[squid-dev] [PATCH] assertion failed: Write.cc:41: "!ccb->active()"
Eliezer Croitoru
eliezer at ngtech.co.il
Mon Mar 14 01:30:30 UTC 2016
I would like to respond on some of the things in the post related to V4.
First 3.5 is very stable for a very long time now.
It have couple bugs in it and it will be good to somehow make them gone
but I must highlight couple things which might not be clear.
Atomic patches are great and they solve things in a very good way.
But every bug has it's own "life" and we can understand that it would
not be possible to write a perfect product without couple bugs\errors\typos.
I like many believe in perfection but from the last test(RAM ONLY) I
ran, it seems that the hardware is not really ready to specific heat.
The DDR2 ECC cards started pooping out of their socket in the middle of
a simple test when it's pretty cold in the room...

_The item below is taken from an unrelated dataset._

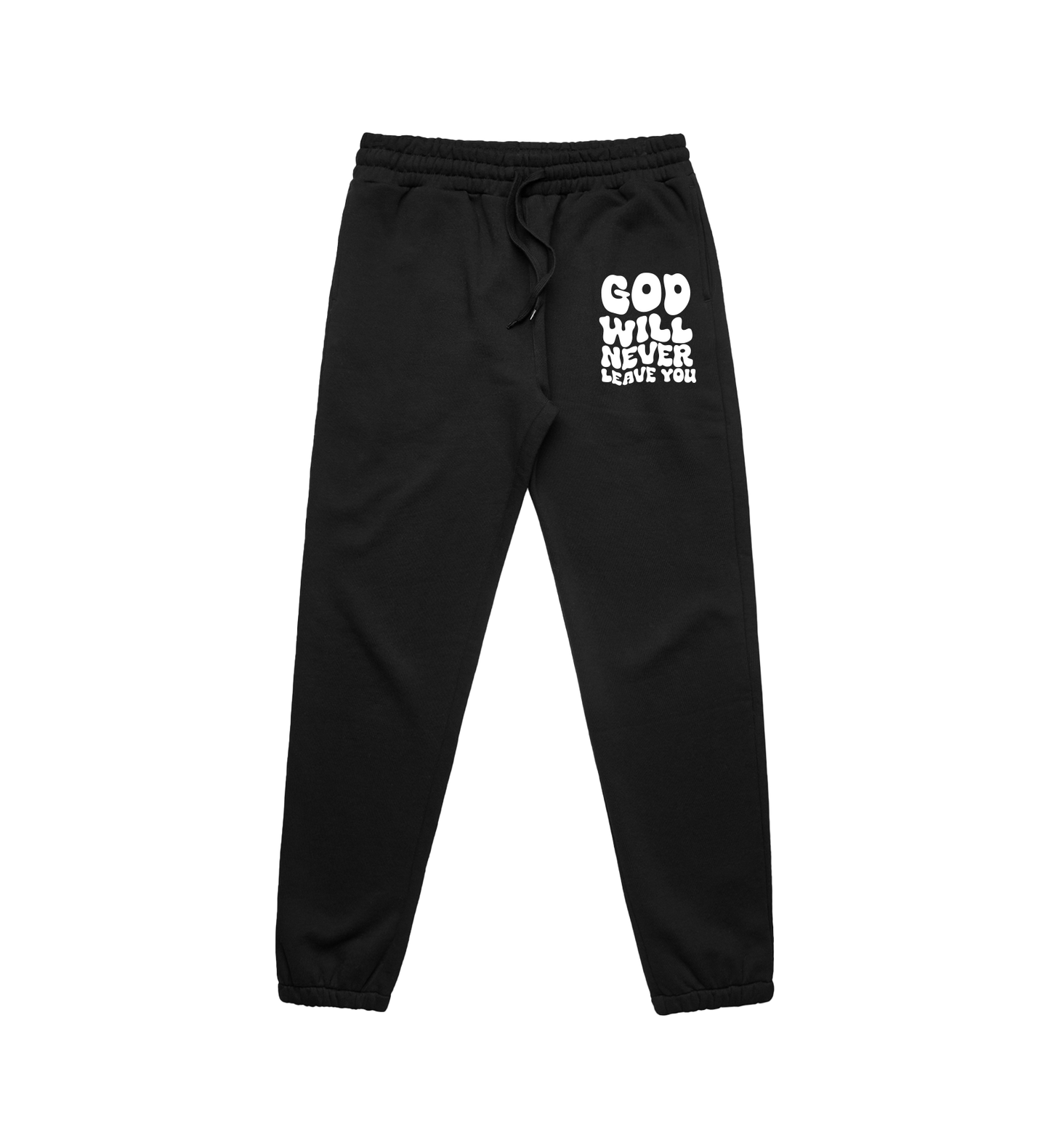 Black Eternal Sweatpants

+1 for trunk while I still have couple doubts about what I am
understanding about take1 and take2 steps.
I will try to see how the service works after the patches will be
applied to V4.
I have couple more build nodes and the automation learning keeps me busy.
Eliezer
On 10/03/2016 23:35, Alex Rousskov wrote:
> On 03/10/2016 12:14 PM, Christos Tsantilas wrote:
>
>> I am attaching two patches for this bug.
>
> I will re-summarize the problem we are dealing with using higher-level
> concepts so that it is easier to grok what Christos is talking about:
>
> 1. Ftp::Client cannot deal with more than one FTP command at a time.
>
> 2. Ftp::Server must _delay_ reading the next FTP command due to #1.
>
> 3. Delaying is complicated because Ftp::Server receives responses from
> "Squid" (ICAP, errors, caching, etc.), and not Ftp::Client itself:
> Ftp:Server may receive a response for the current FTP command
> long _before_ Ftp::Client is done dealing with that same command!
> Christos has highlighted a few specific cases where that happens.
>
> [ In HTTP, this problem is much smaller because the two Squid HTTP
> sides do not share much state: New Http::Client objects are created
> as needed for the same ConnStateData object while the old ones
> are finishing their Http::Client jobs. ]
>
> 4. The current Squid code (v3.5 and trunk) contains a mechanism for #2,
> but that mechanism does not handle a now-known race condition. The
> bug leads to the Write.cc assertion. Our take1 patch fixes that bug.
>
> 5. While working on #4, we realized that the existing mechanism for #2
> relies on Ftp::Client existence and other conditions that may not
> materialize. If things go wrong, Ftp::Server may get stuck waiting
> for Ftp::Client that either did not exist or did not end the wait.
> Our take2 patch revises the mechanism for #2 to be much more robust.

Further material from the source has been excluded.